The 'Theology of the Body' continues to grow in demand and notoriety, and 'Theology of the Body' speakers are highly sought after for youth groups, high schools, college groups, Theology on Tap meetings and so on. The problem that I've noticed throughout the past few years is that sometimes someone brands themselves as a 'Theology of the Body' speaker when in fact they proceed to simply offer up their version of a chastity/sex talk.
An example of this is the speaker that the Criterion interviewed. About her recent 'Theology of the Body' talk, the Criterion noted that "Rather than discuss the specifics of Blessed John Paul II's teachings, she shared stories about her own experiences in high school and college." I found that to be pretty telling.
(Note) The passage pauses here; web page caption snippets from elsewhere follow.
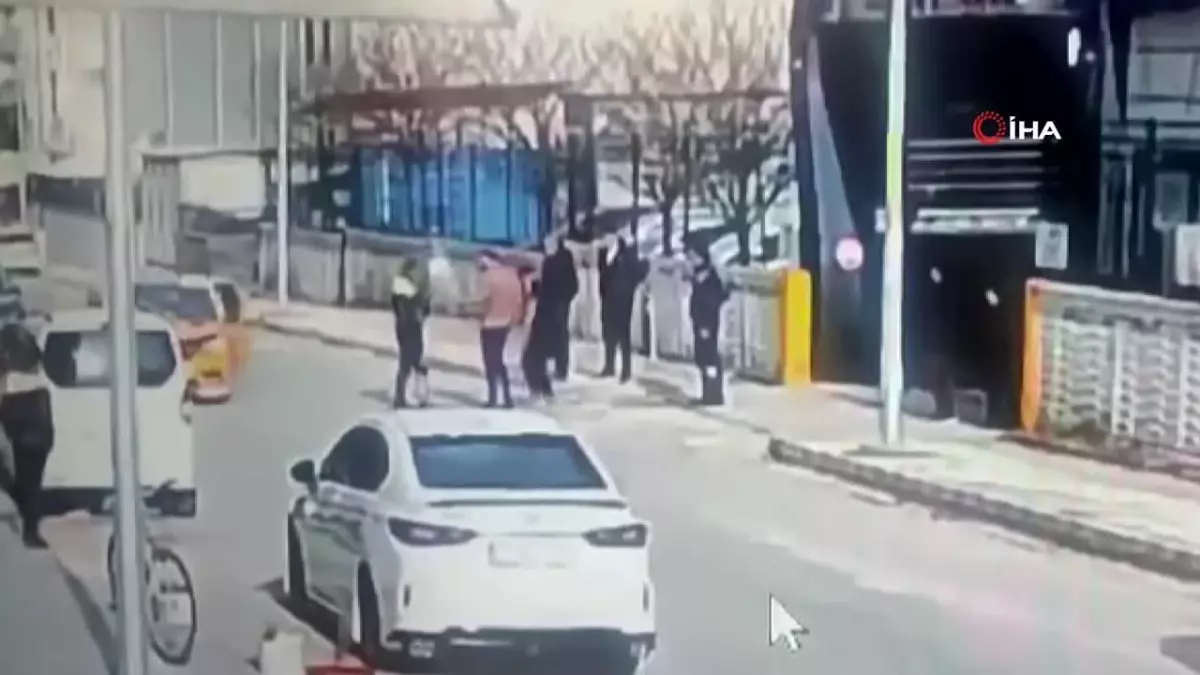 Bakan Yerlikaya: Polise fiili mukavemette bulunan 3 şahıs gözaltına alındı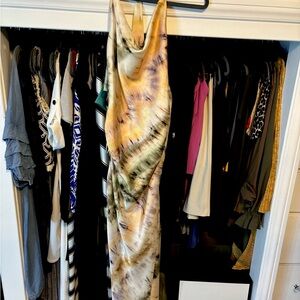 NWT Midi dress size M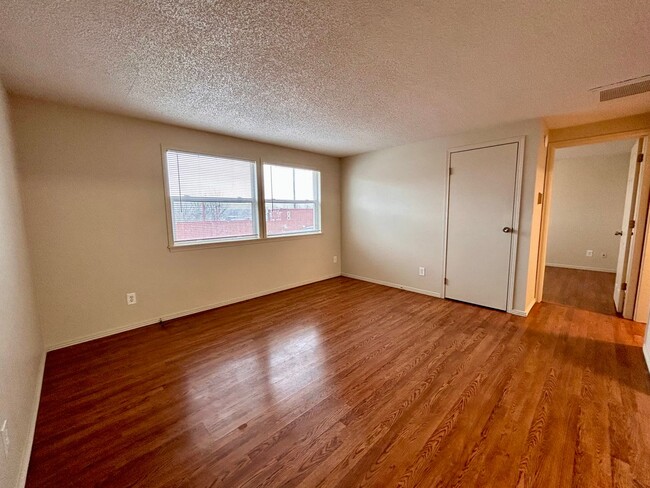 Building Photo - $0 DEPOSIT OPTION. COZY 2-BEDROOM CONDO WI...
I remember one time hearing a famous presenter on the Theology of the Body (who, overall, was faithful to the themes of the 'Theology of the Body') who talked about how guys should, when they are tempted sexually, extend their arms out in the form of the cross. That is a great idea, but it isn't anywhere in the 'Theology of the Body.'
I have no problem with chastity/sexuality talks, and in fact I think they ought to happen often for young people, but we just can't be calling them 'Theology of the Body' talks. Sometimes speakers will attempt to add an aura of authority to their talk so they trace their ideas back to John Paul II when in fact what the speaker talks about isn't really mentioned in the 'Theology of the Body.'
I think we also do a disservice to our Catholic faithful if we say the 'Theology of the Body' can be understood in an hour or two. The book form of all of the talks put together is 500+ pages and every page is VERY deep. I think those who pretend to help someone grasp it all in an hour give the impression to those who've never explored it in greater detail that they now have the gist of the Theology of the Body when in reality it is something that would bear fruitful reading, or at least reading a faithful summary.
If someone told you that they've summarized the 'Theology of the Body' in a talk, then I hope you at some point go back to a more in-depth analysis of the talks, or, if you're feeling really adventurous, the speeches themselves.